[clang] 2253d75 - [PowerPC] Add builtins for Post Quantum Cryptography Acceleration (#184717)

Fri Apr 17 10:01:44 PDT 2026

Author: Lei Huang
Date: 2026-04-17T13:01:38-04:00
New Revision: 2253d7575a52918b37012e20d2fa5d6758bc8017

URL: https://github.com/llvm/llvm-project/commit/2253d7575a52918b37012e20d2fa5d6758bc8017
DIFF: https://github.com/llvm/llvm-project/commit/2253d7575a52918b37012e20d2fa5d6758bc8017.diff

LOG: [PowerPC] Add builtins for Post Quantum Cryptography Acceleration (#184717)

This patch implements Post Quantum Cryptography (PQC) Acceleration
builtins for PowerPC's future ISA by ensuring that vector operations
(vec_add, vec_sub, vec_mul, vec_mulh) correctly map to VSX instructions
(xvadduwm, xvadduhm, xvsubuwm, xvsubuhm, xvmuluwm, xvmuluhm, xvmulhsw,
xvmulhsh, xvmulhuw, xvmulhuh) when targeting mcpu=future.
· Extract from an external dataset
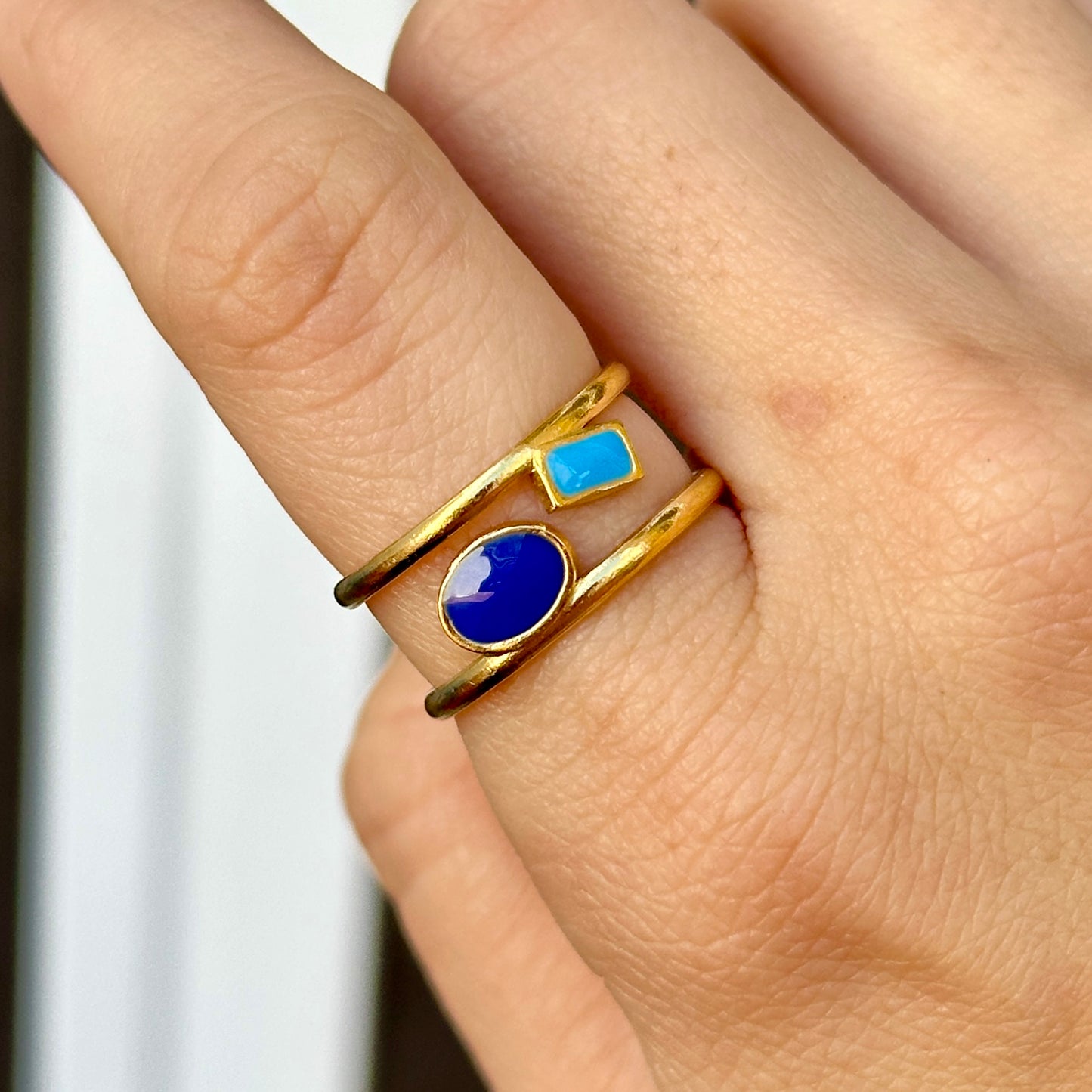Anillo Tonos Mar Acero Inoxidable 8902-78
Implement new builtin for vec_mulh:
* vector short vec_mulh(vector signed short, vector signed short)
* vector unsigned short vec_mulh(vector unsigned short, vector unsigned
short)

Assisted by AI.

Added: 
    clang/test/CodeGen/PowerPC/builtins-post-quantum-crypto.c
    clang/test/Sema/PowerPC/builtins-post-quantum-crypto-error.c
    llvm/test/CodeGen/PowerPC/post-quantum-crypto.ll

Modified: 
    clang/include/clang/Basic/BuiltinsPPC.def
    clang/lib/Headers/altivec.h
    llvm/include/llvm/IR/IntrinsicsPowerPC.td
    llvm/lib/Target/PowerPC/PPCInstrFuture.td

Removed: 
    


################################################################################
diff  --git a/clang/include/clang/Basic/BuiltinsPPC.def b/clang/include/clang/Basic/BuiltinsPPC.def
index 2825e6c677c82..187e2fdd3d985 100644

--- a/clang/include/clang/Basic/BuiltinsPPC.def
+++ b/clang/include/clang/Basic/BuiltinsPPC.def
@@ -654,6 +654,8 @@ TARGET_BUILTIN(__builtin_altivec_vmulhsd, "V2LLiV2LLiV2LLi", "",
                "power10-vector")
 TARGET_BUILTIN(__builtin_altivec_vmulhud, "V2ULLiV2ULLiV2ULLi", "",
                "power10-vector")
+TARGET_BUILTIN(__builtin_altivec_vmulhsh, "V8SsV8SsV8Ss", "", "future-vector")
+TARGET_BUILTIN(__builtin_altivec_vmulhuh, "V8UsV8UsV8Us", "", "future-vector")
 
 // P10 Vector Expand with Mask built-ins.
 TARGET_BUILTIN(__builtin_altivec_vexpandbm, "V16UcV16Uc", "", "power10-vector")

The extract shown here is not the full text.